J'encouragerais davantage de joueuses musulmans à se rapprocher de leur club avant et pendant le ramadan. J'aurais aimé le faire plus tôt - je n'avais pas réalisé que c'était possible jusqu'à cette année-là en Australie. Même si vous n'avez pas besoin d'aide, il est bon de faire savoir aux gens que vous jeûnez. Les clubs devraient également s'efforcer de créer un espace sûr et de poser ces questions.

Emina Ekic Bosnia

Quelle que soit leur religion, les gens se tournent vers leur foi pour obtenir du soutien. Je prie toujours avant d'entrer sur le terrain, avant l'entraînement, avant les matches. Cela m'aide à me sentir protégé. Je plaisante avec mes amis : je dois me comporter au mieux parce que c'est le ramadan ! Mais en tant que footballeur et en tant que personne, c'est une période qui m'aide à prendre du recul et à être plus patient. Bien sûr, on est fatigué. Mais comme on ne réagit pas immédiatement à ses émotions, cette prise de conscience peut aussi améliorer le jeu.
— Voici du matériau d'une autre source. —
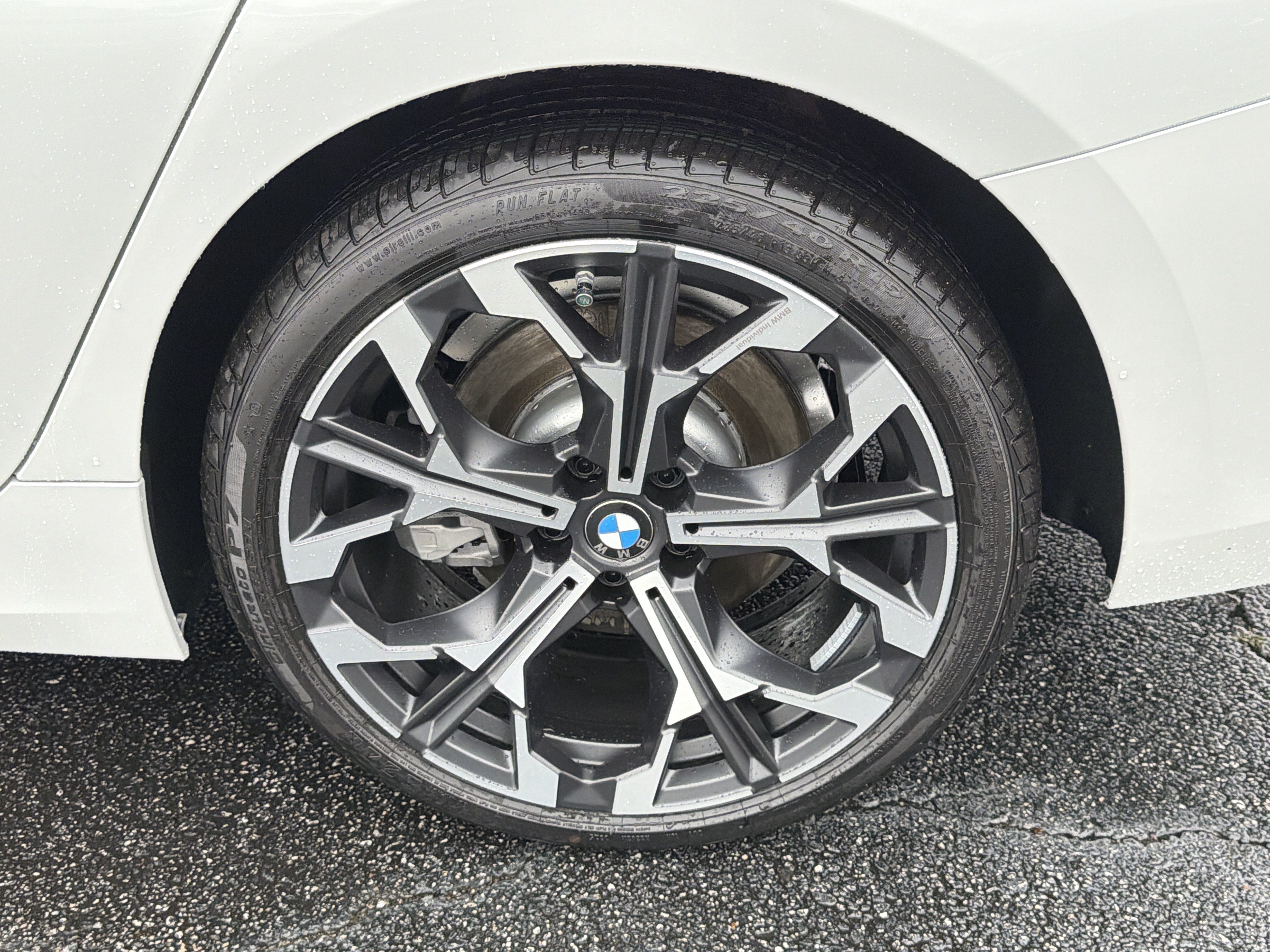 New 2026 BMW 330i Sedan w/ Premium Package RWD image 28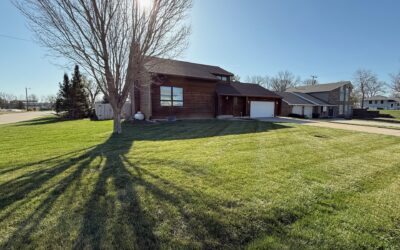 240 N 11th St, Hebron, NE 68370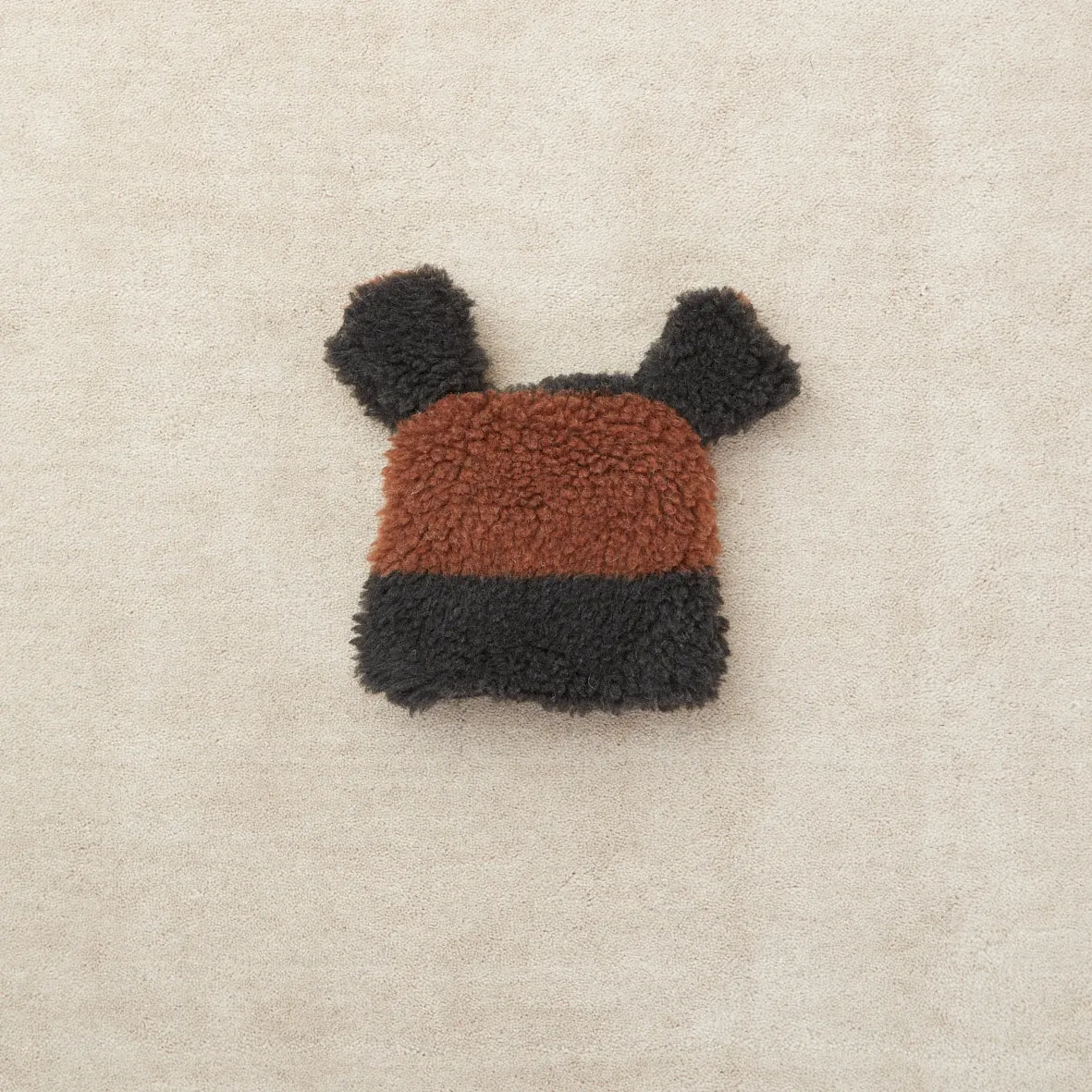 CAPPELLINO CON ORECCHIE NERO E MARRONE - AVENTIQUATTRORE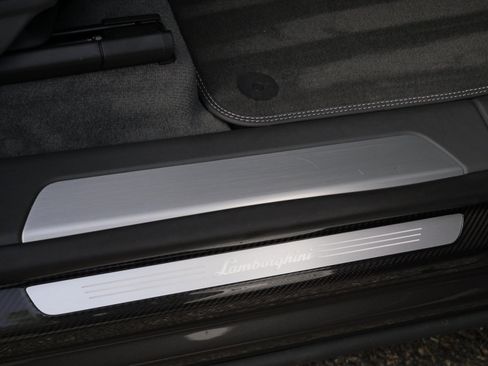 Used 2024 Lamborghini Urus S image 26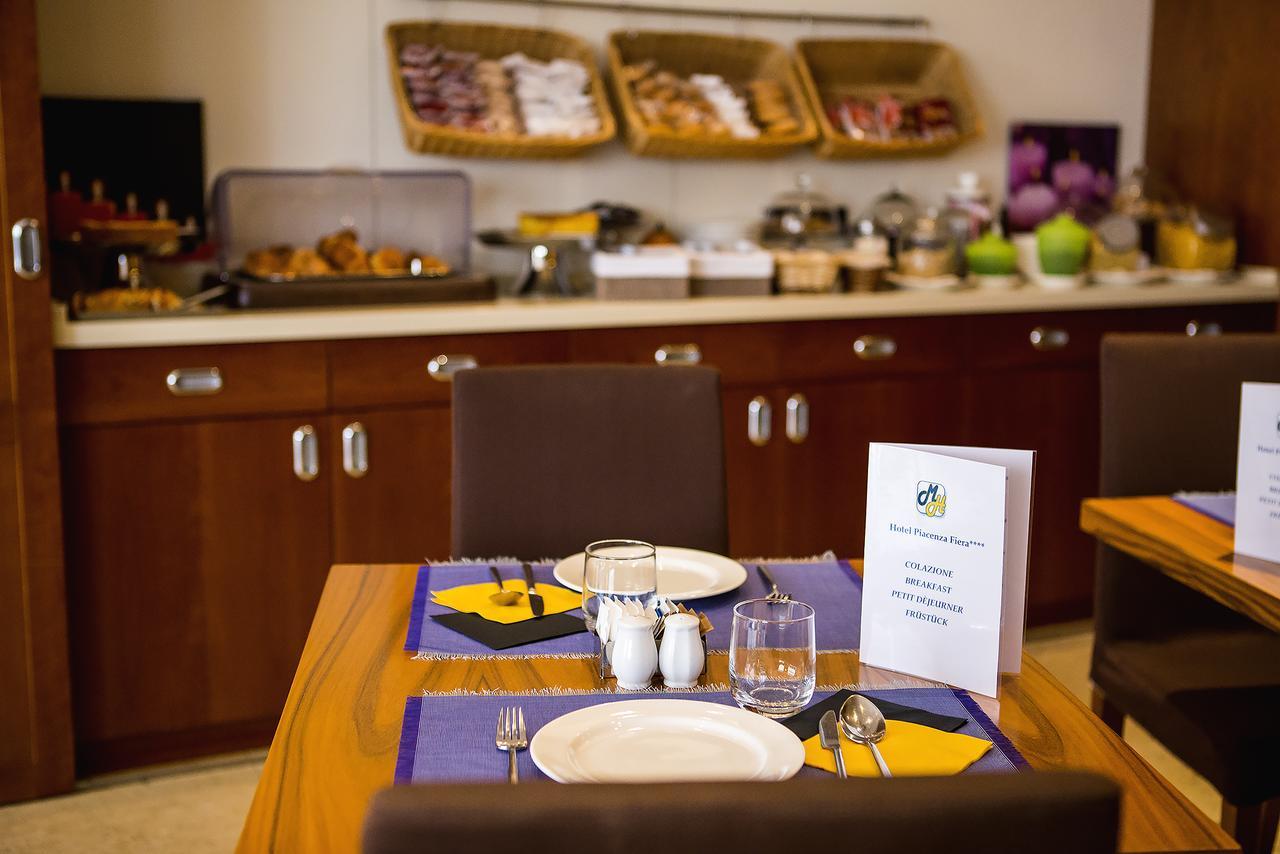 Mh Hotel Piacenza Fiera Екстер'єр фото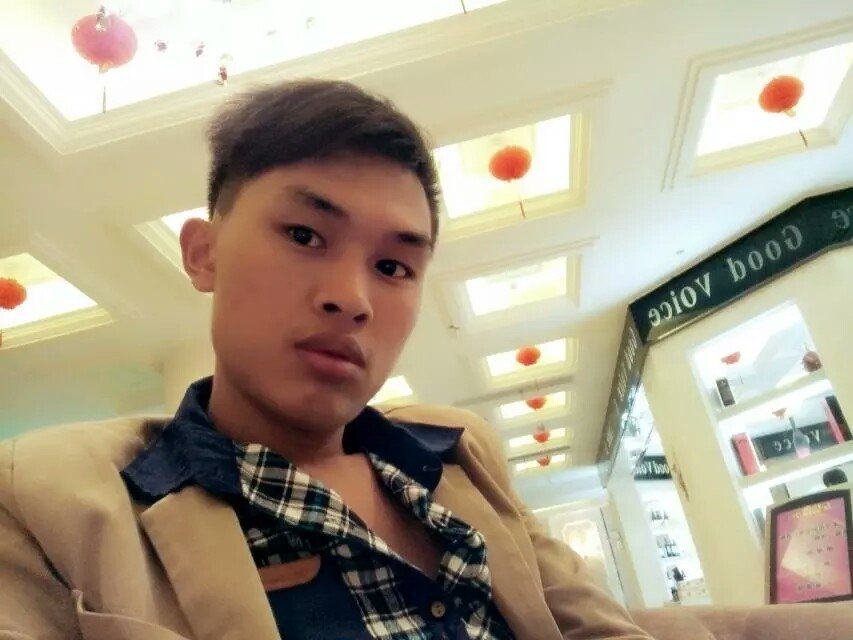 望甜的个人履历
J'ai été appelé dans l'équipe nationale bosniaque pour la première fois en juillet 2023. Bien que j'aie grandi en parlant le bosniaque comme première langue à la maison, il m'a fallu quelques années pour obtenir mes papiers de passeport, étant donné que je suis né aux États-Unis.

Je suis très fier de représenter la Bosnie. Je sais aussi comment les choses se passent aux États-Unis et je veux aider l'équipe nationale bosniaque à être plus compétitive sur le terrain et en dehors, que ce soit en introduisant une convention collective ou en aidant à trouver d'autres joueuses d'origine bosniaque pour que nous puissions être un peu plus compétitifs au niveau international.